_Exercise instructions_
Would you reproduce exactly, and only, the lines starting at the one with "3 Bedroom End" and ending at the last line of the data, with both included? Leave the pictures out.

_Information provided_
Content starts

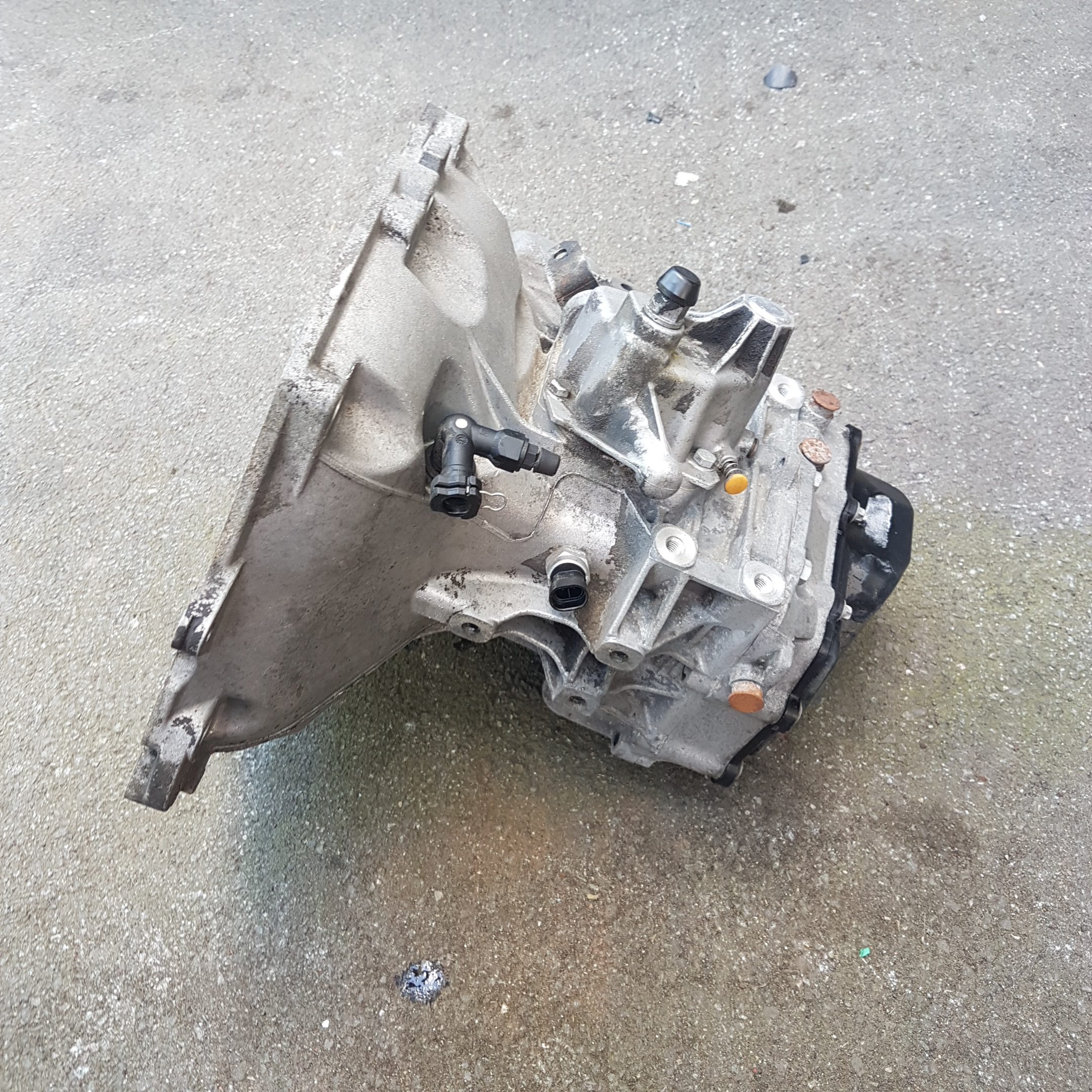 2016 VAUXHALL CORSA E 1.2 1.4 PETROL 5 SPEED MANUAL GEARBOX 55565177 649354685 90400206 - Image 3
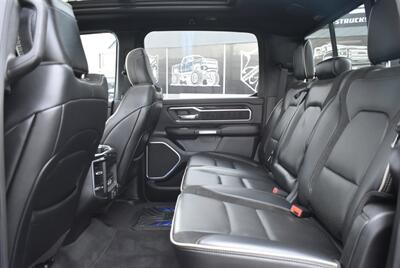 2022 RAM 1500 Laramie  LIFTED BIG SCREEN LOW MILES LOADED - Photo 24 - Gresham, OR 97030
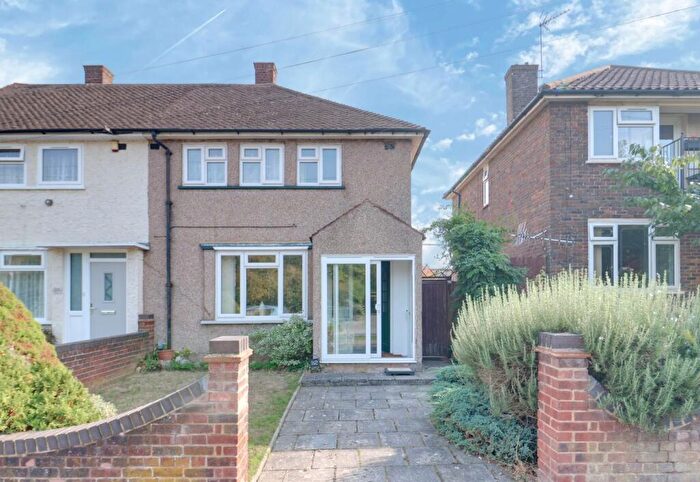 3 Bedroom End Of Terrace House For Sale In Romford Road, Aveley, South Ockendon, RM15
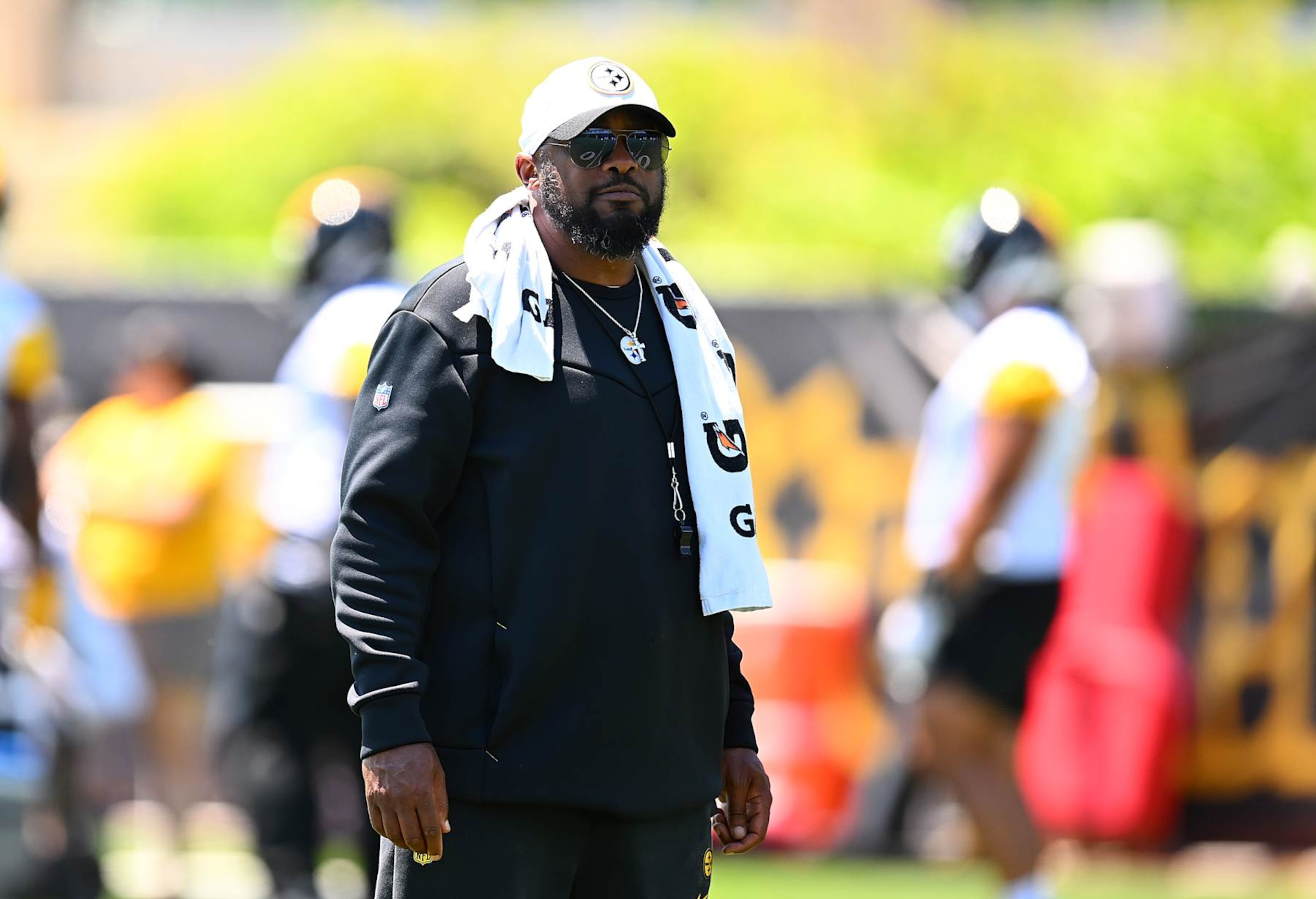 Steelers head coach Mike Tomlin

Content ends

_Answer to this task_
 3 Bedroom End Of Terrace House For Sale In Romford Road, Aveley, South Ockendon, RM15
 Steelers head coach Mike Tomlin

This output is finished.